By focusing on the long-term sustainability potential of perennial biomass energy crops, the NSF funded project will initiate a new avenue of renewable energy research at ASU.
"Through the transdisciplinary nature of our research, projects like these not only expand our renewable energy research capabilities, but provide new solutions that address global energy challenges," said Sethuraman Panchanathan, senior vice president with the ASU Office of Knowledge Enterprise Development. "This project advances our knowledge in the area of biomass research, while creating increased possibilities for greater economic impact."
The WSC-ASU team will focus their efforts on four coupled elements.
Georgescu, WSC-ASU team PI, will lead all hydro-climatic modeling activities aimed at revealing the most suitable hot-spots of sustainable perennial biomass energy expansion.
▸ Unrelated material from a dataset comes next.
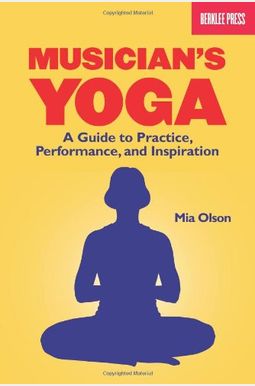 Musician's Yoga: A Guide To Practice, Performance, And Inspiration Musician's Yoga: A Guide To Practice, Performance, And Inspiration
Netra Chhetri, co-PI and assistant professor with joint appointments in the School of Geographical Sciences and Urban Planning, and Consortium for Science, Policy and Outcomes at ASU, will lead all crop modeling activities. Chhetri will quantify perennial biomass energy crop yield from the hot-spots and assess energy offset potential of U.S. consumption.
Michael Hanemann, co-PI and the ASU Julie A. Wrigley Chair in Sustainability and professor in the W.P. Carey School of Business, will oversee all economic modeling activities. Hanemann will evaluate economic potential for the production of perennial bioenergy crops in the U.S., incorporating a significant long-run sustainability constraint for land and water.
Alex Mahalov, co-PI and the Wilhoit Foundation Dean's Distinguished Professor in ASU's School of Mathematical and Statistical Sciences, will oversee the integration of all computing activities within ASU's massively parallel HPC framework. Mahalov will lead the effort to enhance all economic and crop models with an ensemble-based uncertainty quantification strategy implemented in a distributed-memory parallel computing architecture. A simulated stochastic modeling system will be created to demonstrate developments.
All PIs are affiliated with ASU's Global Institute of Sustainability.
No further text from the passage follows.